1) Caracazo: foi a grande revolta popular que explodiu em 28 de fevereiro 1998 e se concluiu em 5 de março, quando o governo de “centro-esquerda” reprimiu matando cerca de 3.000 manifestantes, para depois dizer que os mortos foram apenas 110.

2) USL: União Socialista dos Trabalhadores, é um grupinho minoritário da extrema esquerda venezuelana, que acha ser o único “super revolucionário” do planeta Terra.
3) Giorgio Napolitano: em 1978, o ministro da Democracia Cristã, Giulio Andreotti, ajudou o responsável da política econômica do PCI, Giorgio Napolitano, a obter o visto dos EUA, para depois, em 1979, realizar as conferências nas Universidades de Harvard, Yale, Chicago, Berkeley, Johns Hopkins-SAIS e CSIS de Washington.

4) Kissinger: Em 2001, o jornal “Il Corriere della Será”, revelou o relacionamento entre Napolitano e Kissinger no artigo “E Kissinger incontra il suo comunista preferito”. Corriere della Será de 09/10/2001 http://archiviostorico.corriere.it/2001/settembre

5) Economia invisível: são os contratos em “negro”, os ritmos de trabalhos alterados, a ausência de garantias e medidas de segurança no trabalho.
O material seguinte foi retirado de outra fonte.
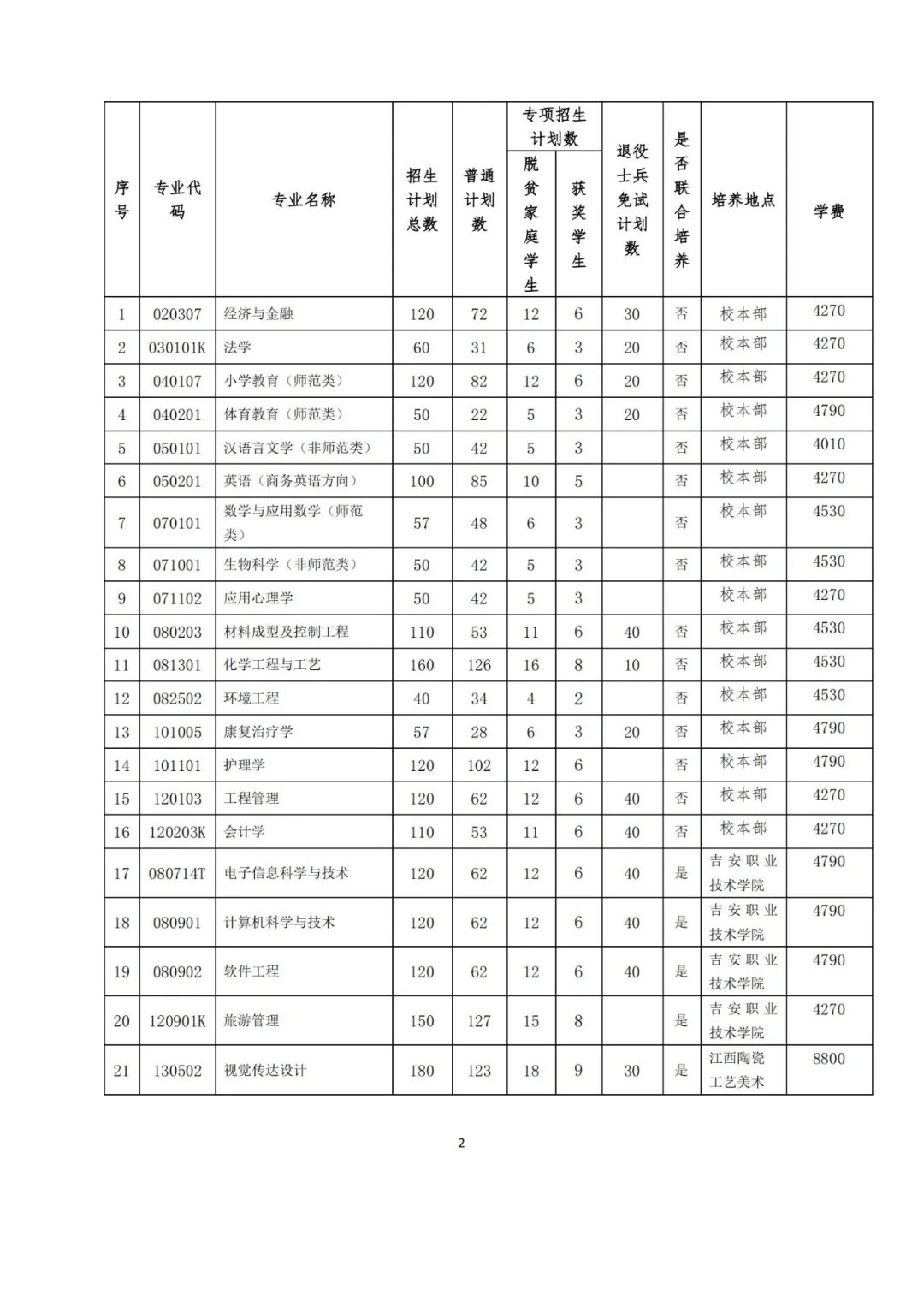 1e2e0ff6cf6c0c20787820bf11e1fd2f_640_wx_fmt=jpeg&from=appmsg&wxfrom=5&wx_lazy=1&wx_co=1&tp=webp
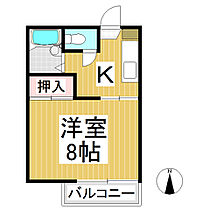 ラプラス西和田  ｜ 長野県長野市西和田2丁目（賃貸アパート1K・1階・23.00㎡） その2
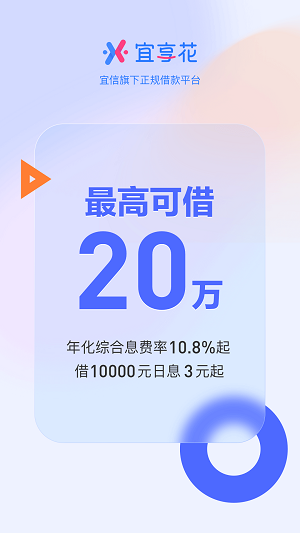 宜享花贷款平台app  v10.1.2图3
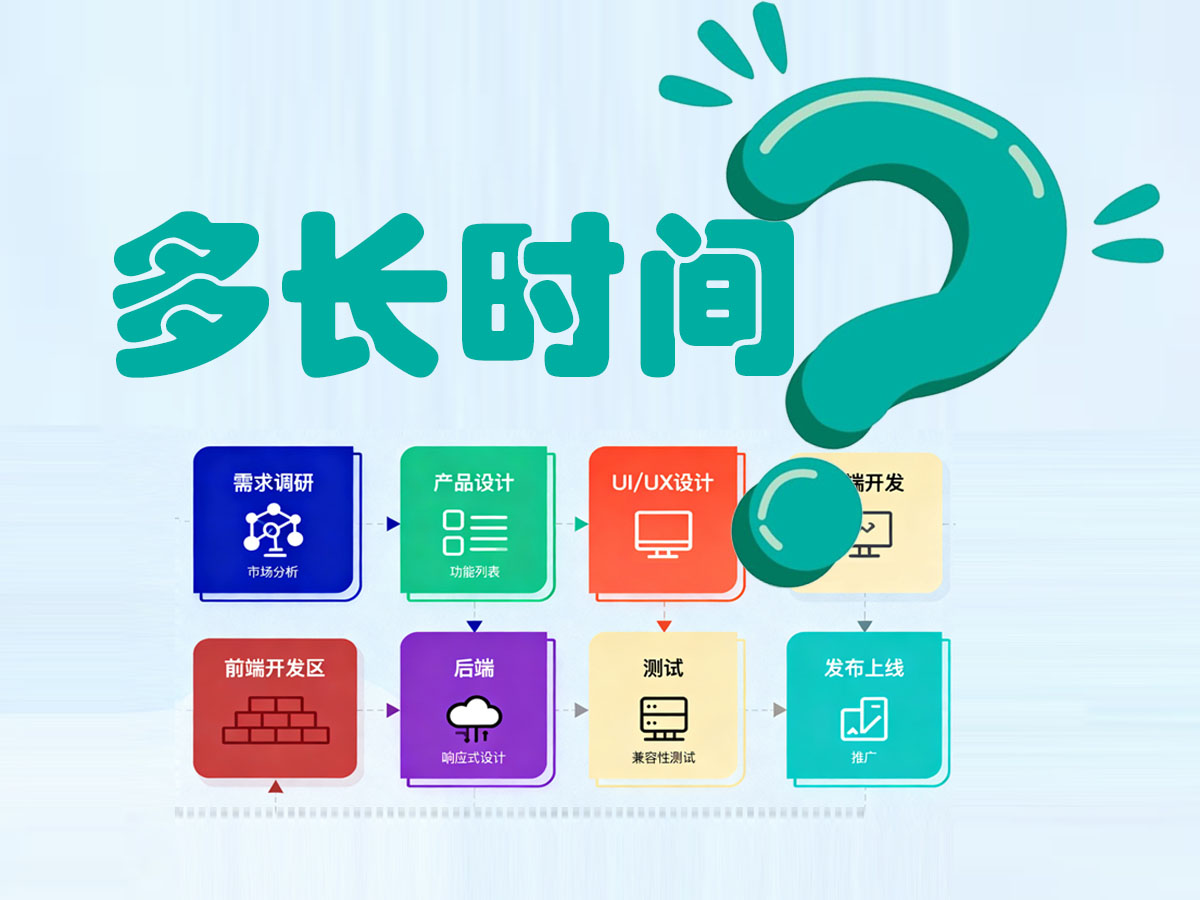 定製開發一款APP一般需要多長時間？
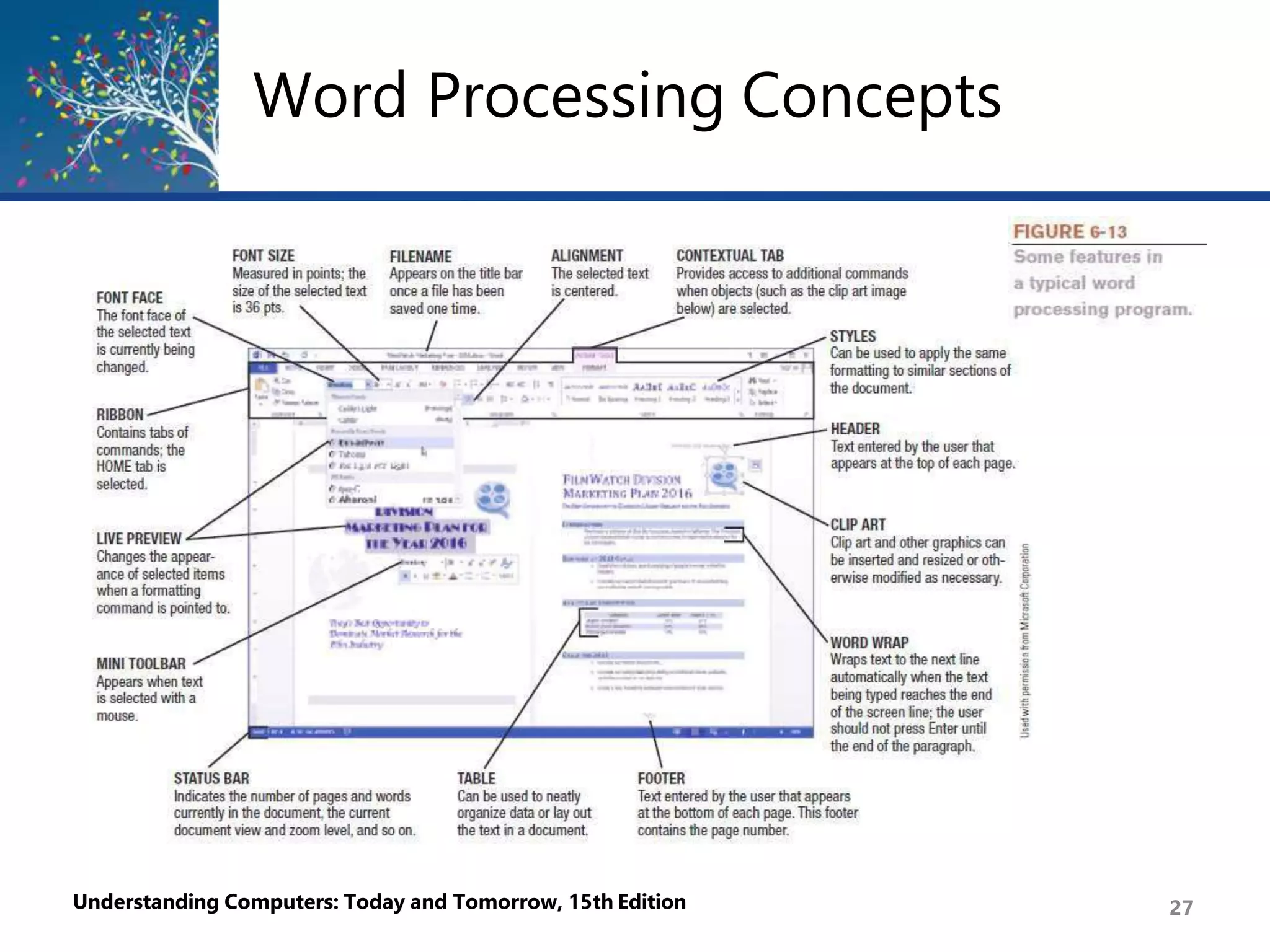 Word Processing Concepts
Understanding Computers: Today and Tomorrow, 15th Edition 27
Um cenário que permite a produção de mercadorias com normas e nomes falsificados ou com matérias primas adulteradas.

6) Economia ilegal: é a organização de circuitos para o transporte e a venda de drogas, de armas e de todos os produtos que se relacionam com o contrabando, juntamente a prostituição feminina e masculina e tudo que provém das  atividades ilegais.

Luciano Vasapollo: 61 anos, é professor de Análise de Dados de Economia Aplicada na Universidade de Roma “La Sapienza”, onde desempenha a função de Delegado do Reitor para Relações Internacionais com os países da ALBA e da América Latina. É professor em Cuba nas universidade de La Habana e Piñar del Río.

Grande estudioso do marxismo, juntamente a Atílio Boron (Argentina) Ricardo Antunes (Brasil) e James Petras (EUA), é considerado um dos poucos teóricos que enfrentaram o problema da modernidade revolucionária do marxismo. Por isso, os quatro foram convidados por Fidel Castro e Hugo Chávez para identificar o potencial político da ALBA.

Escreveu 18 livros, sendo coautor de outros 32. Na juventude foi militante do grupo Potere Operaio, em Roma. Em 1998, foi um dos fundadores da organização política e revolucionária Rete dei Comunisti. Depois integrou o movimento participando em todas as lutas dos sindicatos de base, contribuindo em 2010 na fundação da União Sindical de Base (USB), a confederação sindical independente, filiada na FSM.

Achille Lollo é jornalista italiano do jornal “Contropiano”, editor do programa TV “Contrappunto Internazionale”, colabora com a revista “Nuestra América” e é colunista internacional do “Correio da Cidadania”.